Arguably the biggest debt that most people incur over the course of their financial lives is a home mortgage loan.
As the name suggests, a home mortgage loan is a loan you get from a lender for the purpose of buying a property or, in some cases, refinancing that property so that you can borrow against your equity.
If you are new to homeownership (see also: investing in real estate), then getting familiar with the differences between mortgage loans and traditional, direct loans is important (why else would you have come to this page if it were not?)
Mortgage Loan or Direct Loan? What’s the Difference?
Unlike a direct loan, a home mortgage will have a longer amortization period. This is simply the length of time it will take to repay the debt, often 25 or 30 years.
This is not to be confused with the mortgage or loan term, which is the amount of time your interest and/or repayment terms stay fixed.
For example, it could take you 25 years to repay your mortgage, but you may have to renew those terms after five years.
At the time of renewal, the rates and payments will likely have changed, meaning a payment reset is possible if you want to pay the mortgage off in full by the end of the amortization period.
Similar to a direct loan, a mortgage will take security or collateral in order to approve the mortgage loan. That security is the real estate property itself (normally the house and the land on which it sits).
Are Mortgages Considered Good Debt?
A home mortgage loan is generally seen as healthy debt because it involves borrowing in order to give your net worth a bit of a boost.
As you repay the mortgage loan, even though much of the payment gets swallowed up in interest costs (especially at first) the value of the property is expected to increase over the long term. This builds equity.
A common illustration is a $200,000 house with a $190,000 mortgage.
Over 10 years, that house value will increase to roughly $268,000 assuming a 3% property appreciation rate, while that mortgage will have been paid down to $148,000 assuming a 25-year amortization and a 10-year mortgage term at a rate of 6.5%.

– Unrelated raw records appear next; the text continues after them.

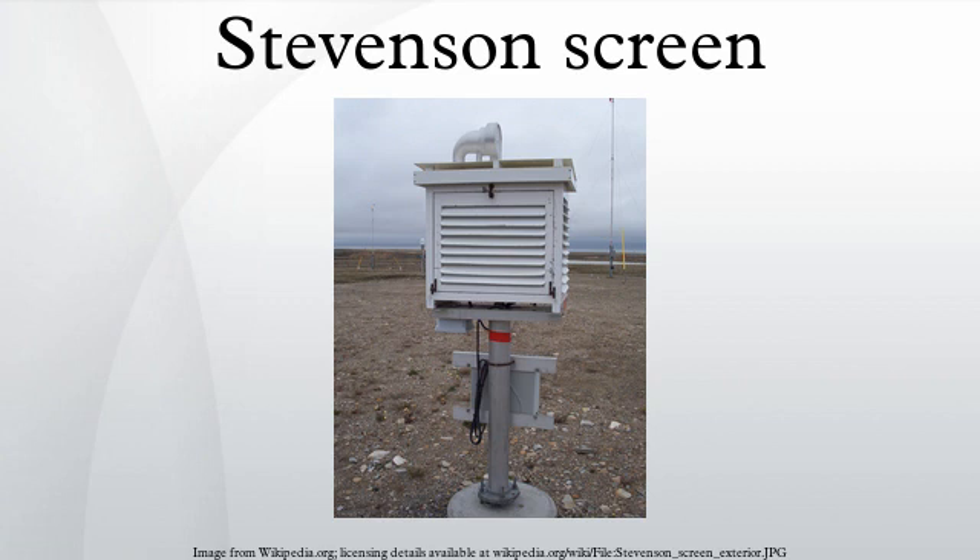In the Northern Hemisphere, the door of the screen should always face north so as to prevent direct sunlight on the thermometers. In polar regions with 24-hour sunlight, the observer must take care to shield the thermometers from the sun while also avoiding a rise in temperature caused by the observer's body heat. A special type of Stevenson screen with an eye bolt on the roof is used on a ship; the unit is hung from above and remains vertical despite the movement of the vessel. In some areas, the use of single unit automatic weather stations is supplanting the Stevenson screen.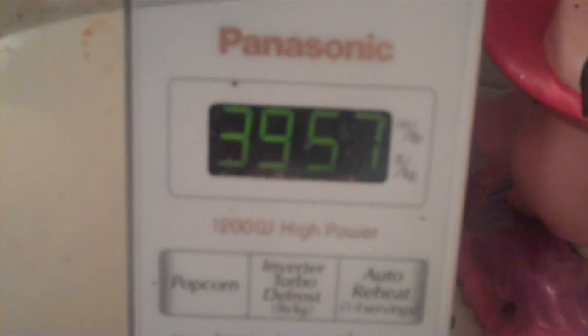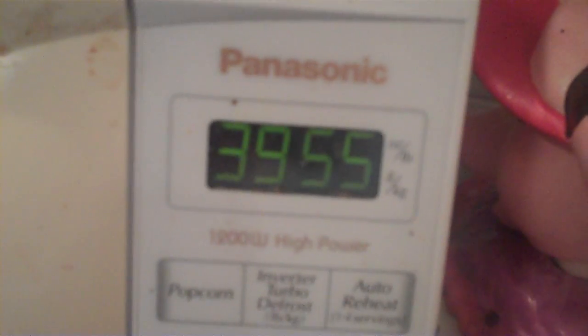How long do we set that for? Set it for 40 minutes — that's just to check it, it may take longer than that. So we set 4-0-0-0, start. In about 40 minutes we'll check it and see how it's doing. It doesn't mean it's gonna be done — I know, we're just gonna check it.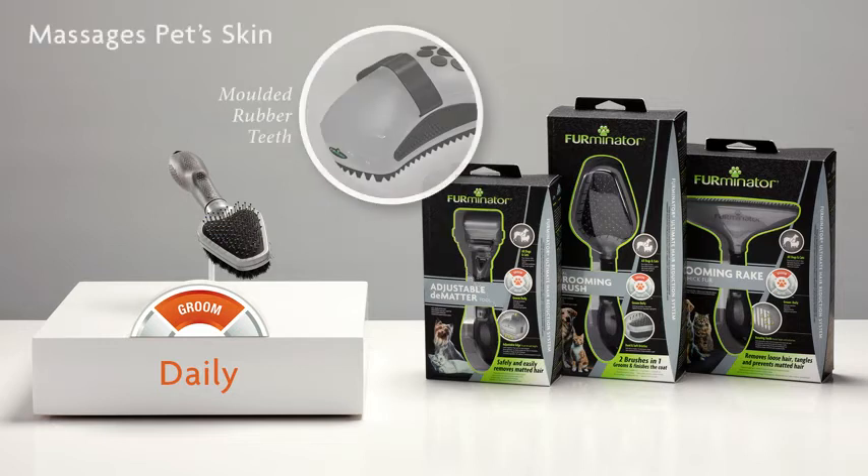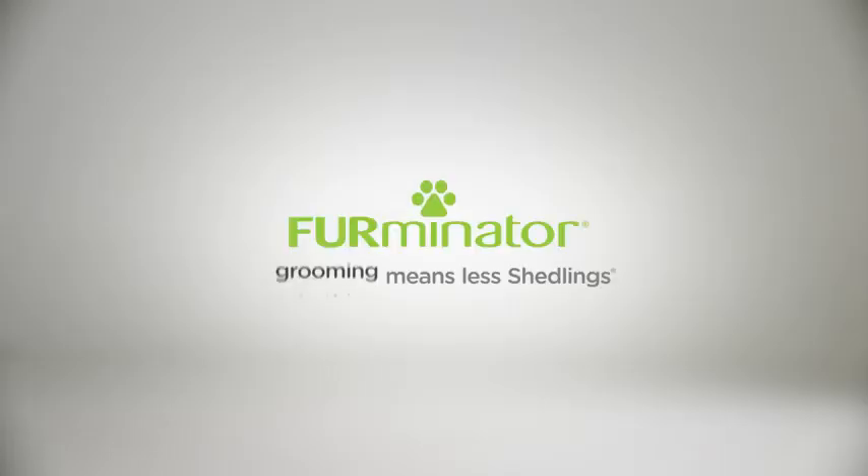The Curry Comb massages pets' skin to help distribute natural oils that promote coat health and shine. Grooming, bathing, discarding, and de-shedding means less shedlings.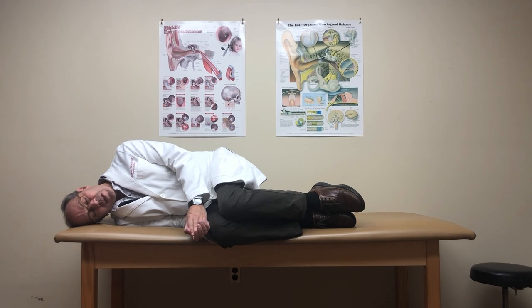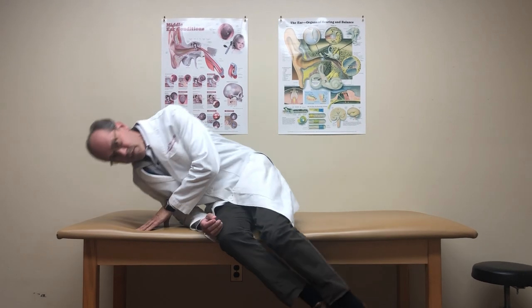This is approximately a 45-degree downward deflection. After 30 seconds in this position, you may sit up and stay in this position in the center for 15 to 20 seconds to allow things to settle before continuing to the opposite side.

Since the monthly payments of a little more than $1,270 are being paid to the mortgage instead of a landlord, you build equity through the reduction of principal in the mortgage loan as well as the appreciation in value to the property.
It makes the argument (rent vs. own) a compelling one in favor of taking out a mortgage and buying property.

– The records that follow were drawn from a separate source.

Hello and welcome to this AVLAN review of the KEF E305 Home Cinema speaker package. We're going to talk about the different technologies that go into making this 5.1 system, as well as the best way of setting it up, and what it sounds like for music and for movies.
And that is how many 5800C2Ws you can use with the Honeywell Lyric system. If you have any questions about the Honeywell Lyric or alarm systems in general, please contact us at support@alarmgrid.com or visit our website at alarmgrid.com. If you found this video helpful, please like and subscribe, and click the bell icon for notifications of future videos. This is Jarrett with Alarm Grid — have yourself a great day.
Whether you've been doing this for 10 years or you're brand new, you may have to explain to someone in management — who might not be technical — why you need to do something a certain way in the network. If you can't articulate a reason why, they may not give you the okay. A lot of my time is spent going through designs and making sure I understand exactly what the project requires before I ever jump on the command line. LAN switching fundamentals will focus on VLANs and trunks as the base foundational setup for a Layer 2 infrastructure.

Where To Get a Home Mortgage Loan?
Shopping for a home mortgage loan can be a challenge. Since most brokers and lenders are paid a commission or some kind of performance incentive, the challenge is one of signing up with the right lender or broker.
Ideally, you want more than just a great rate; you want a mortgage that will help you continue to enjoy your lifestyle while offering as much flexibility as possible. That is a tough balancing act because lenders will typically give you less flexibility in exchange for a better rate.
Starting online or with a recommendation from a friend or family member is usually the best bet.
But make sure you fully understand the terms (e.g. how long before I renew?) and conditions (e.g. what if I want to prepay part or all of my mortgage sooner than the term end-date? what if I sell my house and move?) of the home mortgage loan before you sign the contract.
Often, a mistake cannot be fixed without incurring some pretty hefty interest penalties.
This article gives you a very basic understanding of what a home mortgage loan is all about. As you can see, it operates quite similarly to a direct loan for a vehicle.